JISC CETIS memolane timeline

JISC CETIS memolane timeline

The team at memolane have released embedding functionality, but as we are super-spam-conscious here our wordpress installation doesn’t like to embed things. I have to also add that the memolane team were super quick at picking on a tweet about embedding and have been really helpful. Top marks for customer service.
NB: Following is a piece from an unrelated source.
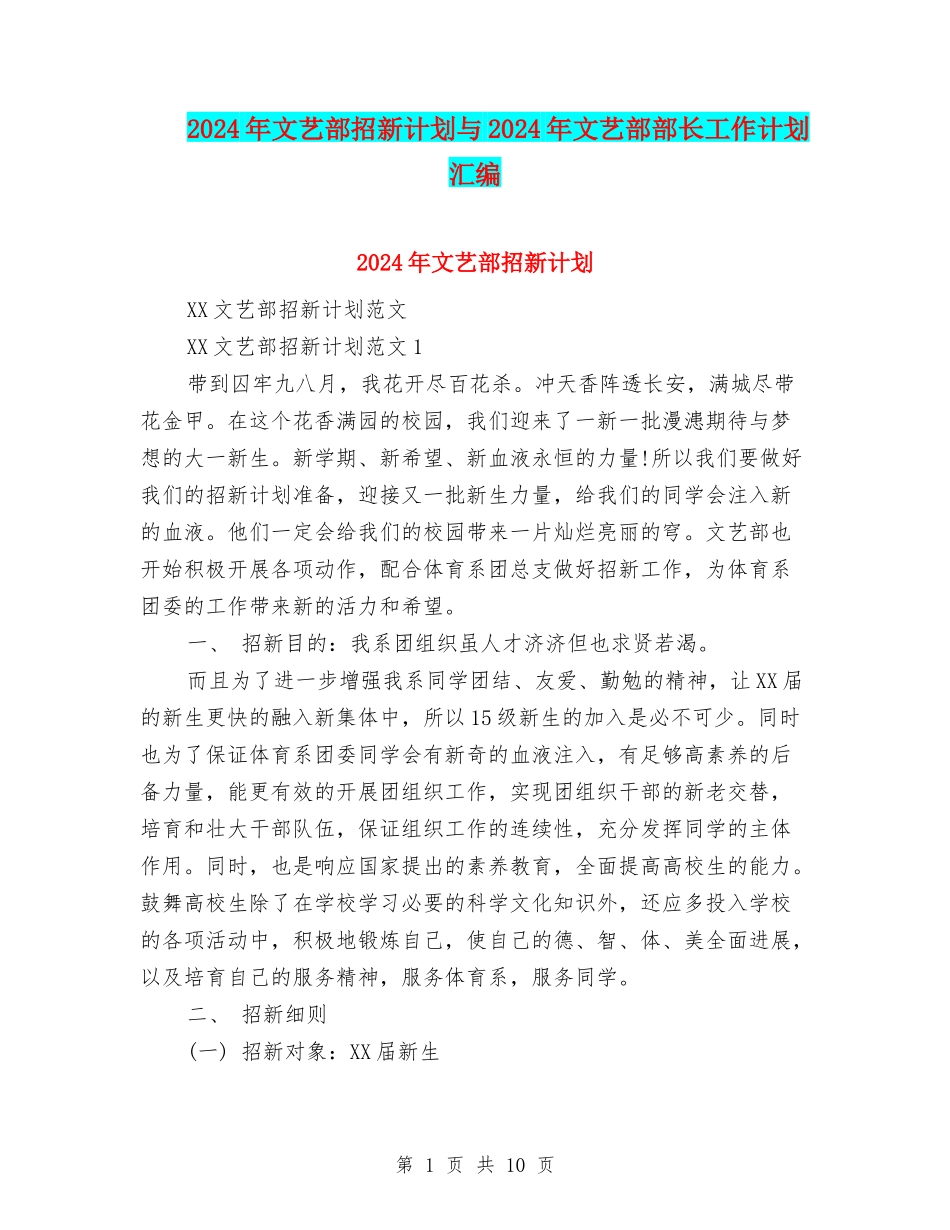 2024年文艺部招新计划与2024年文艺部部长工作计划汇编_第1页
As a quick and easy way to create and share aspects of a collective memory of organisational activities and output, I think this has real potential. I also think that this could also be useful for projects as a collective memory of their activities (you can of course and multiple feeds from youtube, slideshare etc too). I’d be interested in hearing your thoughts – is this something that actually might only make sense for us and our funders? Or do you think this type of thing would be useful in a more visible section of the CETIS website?

**Update August 2011**

The embed feature now works!

10 thoughts on “Corporate memory, timelines and memolane

  1. Ooh look! I think this looks like an excellent way to provide a visual representation of the breadth of our work in any given area. I will have to write an OER Support Project final report later in the year and this could provide a very useful illustration of project outputs. I also think it could also be a really good way to get a quick overview of individual colleagues work.

  2. Hi Sheila,

    At UKOLN we are looking for a light-weight, easy-to-use service that could create an online events/wall planner type calendar thing. Memolane looks like a possible option. Am definitley going to investigate. Do you know of anything similar that is also worth looking at?

    Marieke

  3. Hi Sheila, this also looks as if it could be a useful tool in the e-portfolio-promoting-reflection space. Look back and see how something (or someone, particularly oneself!) has evolved / grown / developed over time, having the service do the time-based collation.

  4. Hi Simon

    Yes, there are a number of services which do this kind of aggregation but there is just something about the simplicity of this interface I particularly like.

    Sheila

  5. Hi Sheila,

    Thanks for sharing this. I have been looking for something like this for ages! I am going to test it immediately. And Simon, wouldn’t it be great if such a timeline could be generated automatically from the ePortfolio artefacts (or partly, as a basis that one could then reflect upon and improve)?

    Nadia

  6. My previous comment is not very clear, sorry. What I mean by “from the ePortfolio artefacts” is that the timeline would not only be populated by the artefacts themselves (as in Memolane) but, for example, by an aggregation of the topics or typical words used by the learner over a period of time. This would provide the learner with a visual representation of her/his understanding (as well as of her/his productions). This could be an interesting added-value to the affort of compiling and reflecting that the ePortfolio user is expected to embark on, which he could not easily manage to get otherwise. It should not however be a completely automatic process because seeing the resulting timeline, the learner might be interested in adjusting some elements.